While on the one hand, the Government wants to give more and more rights to Non-Resident Indians (NRIs), Persons of Indian Origin (PIOs), Overseas Citizen of India (OCI), some of whom have never even stepped into the territory of India, on the other hand, NRC seeks to denude many people who have been born, raised and lived in this country their right to citizenship.  The tragedy cannot even be presently fathomed, except by those who are facing it day after day, document after document, hearing after hearing.

However, the Supreme Court dismissed all these contentions and held that the concerned suggestion was in consonance with the Citizenship Act and the Standard Operating Procedure (SOP) for disposal of claims and objections, though the Court itself noted that the import of Section 3(1) (a) and (b) in the context of Section 6A is pending consideration before the Constitution Bench of the Supreme Court.

(Section 6A was introduced in the Citizenship Act, vide the Citizenship (Amendment) Act, 1985, to give statutory recognition to the Assam Accord, and provides for special provisions as to citizenship of people covered by the Assam Accord.)

 It is highly unfair that the Supreme Court is deliberating on such critical issues of citizenship and identity of millions of people in Assam without deciding the substantial issue of law in Section 3(1) and Section 6A of the Act. The Court, in fact, agreed with the State Coordinator’s suggestion that this issue could be best decided by the Foreigners Tribunal, in case of any appeal. Which Constitutional Court of the world agrees to strip off the citizenship of hundreds of children, one of whose parents is meeting all the eligibility criteria for NRC inclusion, and outsources its constitutional duty to protect the fundamental rights of individuals to a quasi-judicial tribunal, which is designed to designate people as ‘foreigners’?

And let us not even get into the issue of huge litigation costs involved in fighting cases in the Tribunals. And, to justify all these in the name of Assam Accord and Section 6A of the Citizenship Act, whose validity is still pending before this very Court, is nothing but specious and a mask to hide the Court’s own biases.

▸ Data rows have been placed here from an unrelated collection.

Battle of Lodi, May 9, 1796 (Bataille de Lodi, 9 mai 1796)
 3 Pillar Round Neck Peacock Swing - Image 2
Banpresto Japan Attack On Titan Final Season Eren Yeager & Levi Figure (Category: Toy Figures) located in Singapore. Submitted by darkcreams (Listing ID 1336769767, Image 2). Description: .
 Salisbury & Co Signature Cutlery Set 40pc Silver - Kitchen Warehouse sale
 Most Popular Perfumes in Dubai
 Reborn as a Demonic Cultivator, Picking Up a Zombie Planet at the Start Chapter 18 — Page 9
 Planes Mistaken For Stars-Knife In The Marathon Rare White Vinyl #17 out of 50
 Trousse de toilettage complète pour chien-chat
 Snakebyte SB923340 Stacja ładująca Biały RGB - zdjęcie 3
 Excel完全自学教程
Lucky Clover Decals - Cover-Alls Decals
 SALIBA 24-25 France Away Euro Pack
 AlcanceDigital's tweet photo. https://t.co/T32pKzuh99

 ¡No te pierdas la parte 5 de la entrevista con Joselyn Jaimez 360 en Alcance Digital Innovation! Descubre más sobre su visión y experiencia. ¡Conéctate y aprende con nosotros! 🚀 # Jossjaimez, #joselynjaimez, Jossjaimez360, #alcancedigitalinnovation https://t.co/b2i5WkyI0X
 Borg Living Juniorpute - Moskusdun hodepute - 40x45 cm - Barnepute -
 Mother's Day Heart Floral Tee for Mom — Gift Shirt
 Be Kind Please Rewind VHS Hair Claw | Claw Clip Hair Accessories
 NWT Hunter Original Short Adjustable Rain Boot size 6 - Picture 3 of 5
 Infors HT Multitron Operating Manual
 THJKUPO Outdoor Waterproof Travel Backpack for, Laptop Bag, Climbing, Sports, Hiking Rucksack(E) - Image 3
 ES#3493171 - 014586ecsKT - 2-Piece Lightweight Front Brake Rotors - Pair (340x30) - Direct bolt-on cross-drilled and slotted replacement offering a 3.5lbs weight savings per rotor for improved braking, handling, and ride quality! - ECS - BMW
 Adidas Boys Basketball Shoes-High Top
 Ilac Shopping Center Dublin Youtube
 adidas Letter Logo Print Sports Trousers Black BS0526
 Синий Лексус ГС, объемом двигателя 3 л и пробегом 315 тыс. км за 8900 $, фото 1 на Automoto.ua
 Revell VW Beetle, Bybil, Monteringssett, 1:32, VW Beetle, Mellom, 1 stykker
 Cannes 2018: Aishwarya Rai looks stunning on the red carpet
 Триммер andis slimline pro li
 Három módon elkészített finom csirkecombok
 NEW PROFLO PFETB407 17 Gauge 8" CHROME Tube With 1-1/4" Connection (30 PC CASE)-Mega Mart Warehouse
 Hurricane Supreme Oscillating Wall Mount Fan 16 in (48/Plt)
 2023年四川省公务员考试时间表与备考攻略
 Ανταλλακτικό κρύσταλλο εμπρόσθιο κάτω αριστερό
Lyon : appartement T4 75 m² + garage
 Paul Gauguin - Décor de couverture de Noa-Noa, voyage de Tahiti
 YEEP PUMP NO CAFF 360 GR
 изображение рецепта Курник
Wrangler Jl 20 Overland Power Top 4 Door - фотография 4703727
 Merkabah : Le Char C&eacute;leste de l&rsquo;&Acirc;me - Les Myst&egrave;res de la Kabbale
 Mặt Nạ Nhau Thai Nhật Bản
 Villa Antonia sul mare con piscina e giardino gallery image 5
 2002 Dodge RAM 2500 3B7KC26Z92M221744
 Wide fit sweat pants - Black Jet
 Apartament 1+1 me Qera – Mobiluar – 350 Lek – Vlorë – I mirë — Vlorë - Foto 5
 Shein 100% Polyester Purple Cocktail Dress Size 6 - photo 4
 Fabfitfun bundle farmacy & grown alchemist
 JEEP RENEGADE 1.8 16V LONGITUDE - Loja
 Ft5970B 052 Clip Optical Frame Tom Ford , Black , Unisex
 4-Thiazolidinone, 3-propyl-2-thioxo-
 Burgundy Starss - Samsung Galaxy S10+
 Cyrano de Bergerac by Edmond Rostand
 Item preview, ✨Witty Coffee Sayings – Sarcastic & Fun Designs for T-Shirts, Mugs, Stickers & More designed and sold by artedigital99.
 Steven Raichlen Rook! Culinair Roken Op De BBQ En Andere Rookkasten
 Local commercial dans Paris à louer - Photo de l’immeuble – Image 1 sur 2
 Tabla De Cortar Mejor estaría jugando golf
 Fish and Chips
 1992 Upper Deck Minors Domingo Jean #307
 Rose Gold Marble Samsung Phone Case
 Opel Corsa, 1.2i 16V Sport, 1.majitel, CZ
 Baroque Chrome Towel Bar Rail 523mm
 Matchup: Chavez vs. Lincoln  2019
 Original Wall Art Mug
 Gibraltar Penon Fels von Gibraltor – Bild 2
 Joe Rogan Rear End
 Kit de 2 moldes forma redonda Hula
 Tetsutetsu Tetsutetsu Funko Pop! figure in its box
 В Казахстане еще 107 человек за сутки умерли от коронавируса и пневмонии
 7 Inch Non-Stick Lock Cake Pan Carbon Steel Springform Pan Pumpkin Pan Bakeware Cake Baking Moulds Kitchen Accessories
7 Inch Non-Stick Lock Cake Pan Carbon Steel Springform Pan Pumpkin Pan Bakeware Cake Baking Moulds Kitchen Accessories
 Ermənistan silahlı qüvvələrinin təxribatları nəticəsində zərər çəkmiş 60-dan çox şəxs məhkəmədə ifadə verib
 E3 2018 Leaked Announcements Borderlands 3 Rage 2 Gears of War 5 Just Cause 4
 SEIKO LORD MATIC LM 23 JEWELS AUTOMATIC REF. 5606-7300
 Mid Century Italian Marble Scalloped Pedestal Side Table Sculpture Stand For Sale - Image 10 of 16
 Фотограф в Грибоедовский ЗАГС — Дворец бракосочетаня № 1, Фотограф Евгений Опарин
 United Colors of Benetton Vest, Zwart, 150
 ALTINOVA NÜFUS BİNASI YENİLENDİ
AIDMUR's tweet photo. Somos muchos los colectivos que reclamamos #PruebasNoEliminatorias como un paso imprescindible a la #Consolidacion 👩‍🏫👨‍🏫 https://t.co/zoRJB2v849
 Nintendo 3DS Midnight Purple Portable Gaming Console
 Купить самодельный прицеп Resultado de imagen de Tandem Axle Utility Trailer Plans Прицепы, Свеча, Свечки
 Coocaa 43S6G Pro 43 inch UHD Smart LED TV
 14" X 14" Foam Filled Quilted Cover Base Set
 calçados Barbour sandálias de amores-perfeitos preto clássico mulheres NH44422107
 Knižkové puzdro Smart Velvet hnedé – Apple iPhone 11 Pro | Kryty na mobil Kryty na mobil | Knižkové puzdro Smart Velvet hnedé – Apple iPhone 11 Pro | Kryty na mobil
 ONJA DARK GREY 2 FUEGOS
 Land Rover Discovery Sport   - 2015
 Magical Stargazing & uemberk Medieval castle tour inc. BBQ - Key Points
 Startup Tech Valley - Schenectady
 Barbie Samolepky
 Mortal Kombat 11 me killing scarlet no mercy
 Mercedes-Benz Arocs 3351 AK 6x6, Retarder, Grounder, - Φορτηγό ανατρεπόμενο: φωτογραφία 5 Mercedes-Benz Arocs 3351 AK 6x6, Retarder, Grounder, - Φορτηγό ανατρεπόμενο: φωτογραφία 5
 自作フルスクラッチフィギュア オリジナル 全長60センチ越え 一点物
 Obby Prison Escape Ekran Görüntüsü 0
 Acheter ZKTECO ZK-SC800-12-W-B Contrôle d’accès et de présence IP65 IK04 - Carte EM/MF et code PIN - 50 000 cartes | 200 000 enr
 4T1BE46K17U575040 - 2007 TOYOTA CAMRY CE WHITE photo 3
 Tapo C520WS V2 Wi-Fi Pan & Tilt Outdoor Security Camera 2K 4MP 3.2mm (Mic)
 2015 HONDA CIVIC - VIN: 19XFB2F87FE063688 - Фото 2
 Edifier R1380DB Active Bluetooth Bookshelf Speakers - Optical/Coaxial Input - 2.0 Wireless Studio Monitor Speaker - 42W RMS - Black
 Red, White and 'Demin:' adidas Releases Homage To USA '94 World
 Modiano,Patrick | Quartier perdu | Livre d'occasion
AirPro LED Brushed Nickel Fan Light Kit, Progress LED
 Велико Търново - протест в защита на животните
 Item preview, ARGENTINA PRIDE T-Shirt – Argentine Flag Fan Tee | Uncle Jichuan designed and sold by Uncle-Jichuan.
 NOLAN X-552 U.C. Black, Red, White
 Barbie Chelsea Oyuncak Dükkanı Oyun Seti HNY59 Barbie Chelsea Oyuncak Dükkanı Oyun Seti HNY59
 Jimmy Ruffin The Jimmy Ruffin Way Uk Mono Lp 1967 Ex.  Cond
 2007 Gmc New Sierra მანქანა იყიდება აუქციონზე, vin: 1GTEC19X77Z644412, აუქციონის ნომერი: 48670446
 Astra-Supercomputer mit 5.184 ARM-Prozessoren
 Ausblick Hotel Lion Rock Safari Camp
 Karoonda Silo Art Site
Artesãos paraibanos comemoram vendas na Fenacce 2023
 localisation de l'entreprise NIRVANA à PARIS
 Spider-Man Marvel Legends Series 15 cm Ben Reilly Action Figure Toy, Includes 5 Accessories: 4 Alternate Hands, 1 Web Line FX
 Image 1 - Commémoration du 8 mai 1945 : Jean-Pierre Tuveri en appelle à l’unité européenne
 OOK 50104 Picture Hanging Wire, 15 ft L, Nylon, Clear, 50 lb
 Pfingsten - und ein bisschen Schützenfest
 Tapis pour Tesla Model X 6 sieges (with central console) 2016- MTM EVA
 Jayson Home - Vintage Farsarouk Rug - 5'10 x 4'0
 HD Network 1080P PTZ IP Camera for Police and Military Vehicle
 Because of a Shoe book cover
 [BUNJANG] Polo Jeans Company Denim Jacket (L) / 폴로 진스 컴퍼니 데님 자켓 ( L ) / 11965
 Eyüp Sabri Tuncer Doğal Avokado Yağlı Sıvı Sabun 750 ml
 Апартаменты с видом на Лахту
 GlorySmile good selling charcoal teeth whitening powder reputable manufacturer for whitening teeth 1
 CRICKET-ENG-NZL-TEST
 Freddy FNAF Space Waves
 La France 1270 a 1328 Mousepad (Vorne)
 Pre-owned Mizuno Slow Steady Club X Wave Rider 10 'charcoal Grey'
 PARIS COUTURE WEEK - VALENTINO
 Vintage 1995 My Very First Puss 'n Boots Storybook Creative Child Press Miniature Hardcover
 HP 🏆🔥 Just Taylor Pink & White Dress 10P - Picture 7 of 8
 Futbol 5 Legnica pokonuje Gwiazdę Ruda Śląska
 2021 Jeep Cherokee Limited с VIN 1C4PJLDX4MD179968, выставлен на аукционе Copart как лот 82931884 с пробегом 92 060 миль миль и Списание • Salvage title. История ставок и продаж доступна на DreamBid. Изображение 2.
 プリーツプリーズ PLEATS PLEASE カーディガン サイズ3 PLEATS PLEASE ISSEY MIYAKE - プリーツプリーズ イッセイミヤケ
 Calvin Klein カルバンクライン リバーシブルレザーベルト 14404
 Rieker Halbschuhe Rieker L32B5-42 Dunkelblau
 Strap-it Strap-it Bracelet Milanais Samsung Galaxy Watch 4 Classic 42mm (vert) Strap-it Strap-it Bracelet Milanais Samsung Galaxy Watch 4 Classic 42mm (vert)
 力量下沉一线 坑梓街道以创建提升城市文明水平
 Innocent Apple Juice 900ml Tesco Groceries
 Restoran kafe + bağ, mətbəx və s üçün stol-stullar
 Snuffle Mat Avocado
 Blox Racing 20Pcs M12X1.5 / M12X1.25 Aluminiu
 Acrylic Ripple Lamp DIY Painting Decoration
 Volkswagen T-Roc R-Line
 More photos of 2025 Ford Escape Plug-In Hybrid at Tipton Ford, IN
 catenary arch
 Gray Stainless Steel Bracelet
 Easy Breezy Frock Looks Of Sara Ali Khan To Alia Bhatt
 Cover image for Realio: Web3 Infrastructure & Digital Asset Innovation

The Court’s own words that “the entire NRC exercise having been performed on the aforesaid basis, the same cannot be ordered to be reopened by initiation of a fresh exercise on certain other parameters that have been suggested on behalf of the intervenors/applicants on the strength of the provisions of Section 3(1) (a) of the Act” are hollow and disingenuous, considering the heart of the matter, i.e., the challenge to Section 6A of the Act, is yet to be decided.

History will not be kind to the Supreme Court for spearheading the NRC mayhem, and for abdicating its constitutional obligation to protect the freedom and liberty of the people Kashmir, including their political leaders, who have been detained illegally.